Numerical Methods for Materials at Excited States

The goal of this project is to investigate and develop numerical methods for excited state electronic structure analysis. Excited state calculations are usually performed after a ground state electronic structure analysis has been completed. They are important in a number of applications such as understanding the photovoltaic processes and designing energy efficient batteries. Compared to ground state calculations, the theory and algorithms for excited state calculations are less well developed from a mathematical point of view. The cost of existing computational methods is generally much higher. This project will investigate and develop numerical methods for the GW theory, as well as wavefunction methods such as the configuration interaction and the coupled cluster methods. For more information, contact Lin Lin and Chao Yang.

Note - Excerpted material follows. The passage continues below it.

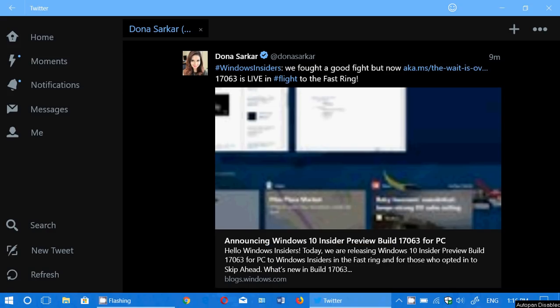Welcome to this Windows channel and this is it! We are now at 17063, the latest build has been released for Windows 10 with some new features. So check it out, just go to your Windows Update. It was released a few minutes ago.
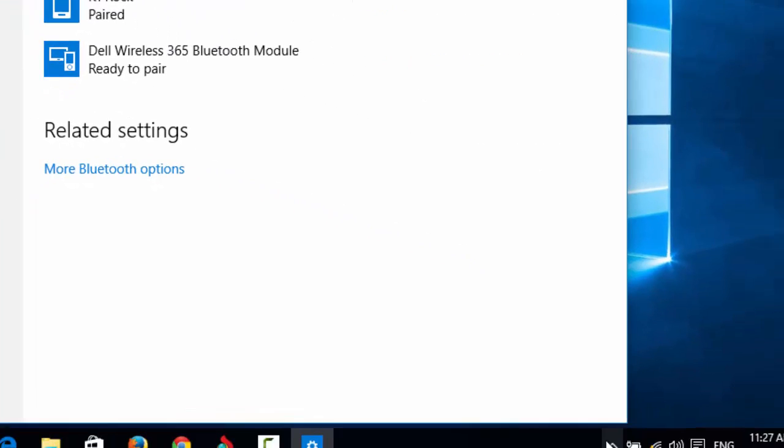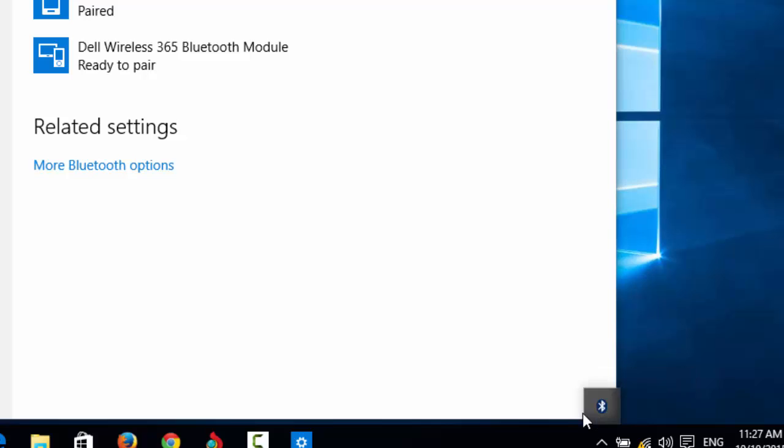Now you can see the Bluetooth icon is here. This is how we can get back the Bluetooth icon on our taskbar. I hope this video helped you get the Bluetooth icon back on your computer. Thank you guys for watching.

## 4. Mathematical and computational methods for data analysis in experimental sciences

Our group is actively involved in LBNL's CAMERA project, which is to develop and deploy new mathematical and high performance algorithms to solve the data analysis problems from the experimental facilities, such as Advanced Light Source, Molecular Foundary. The following are highlights of the projects.

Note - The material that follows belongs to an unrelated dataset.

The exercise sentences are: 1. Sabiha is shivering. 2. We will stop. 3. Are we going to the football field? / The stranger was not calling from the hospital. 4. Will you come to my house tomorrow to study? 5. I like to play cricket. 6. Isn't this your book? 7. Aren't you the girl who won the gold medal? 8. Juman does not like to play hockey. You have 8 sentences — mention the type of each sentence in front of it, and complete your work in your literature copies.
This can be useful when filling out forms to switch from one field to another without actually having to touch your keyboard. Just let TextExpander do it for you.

*Next generation computing for X-ray science.*We develop new theory, computational methods, HPC code and user interface for computing X-ray scattering patterns with complex nanostructures for ALS and NGLS. Our High-performance glancing-incidence small-angle x-ray scattering (GISAXS) simulation code, HipGISAXS, has been tested on a Cray XE6 CPU cluster with over 140,000 CPU cores and on a Cray XK6 GPU cluster with over 900 GPU nodes. It is three- to four-orders of magnitude faster than the existing code, and allows simulations with multiple scatterings. This is joint work with the Advanced Light Source. Computational Research Divsion: Xiaoye Li (PI), Slim Chourou, Abhinav Sarje. Advanced Light Source: Elaine Chan, Alexander Hexemer.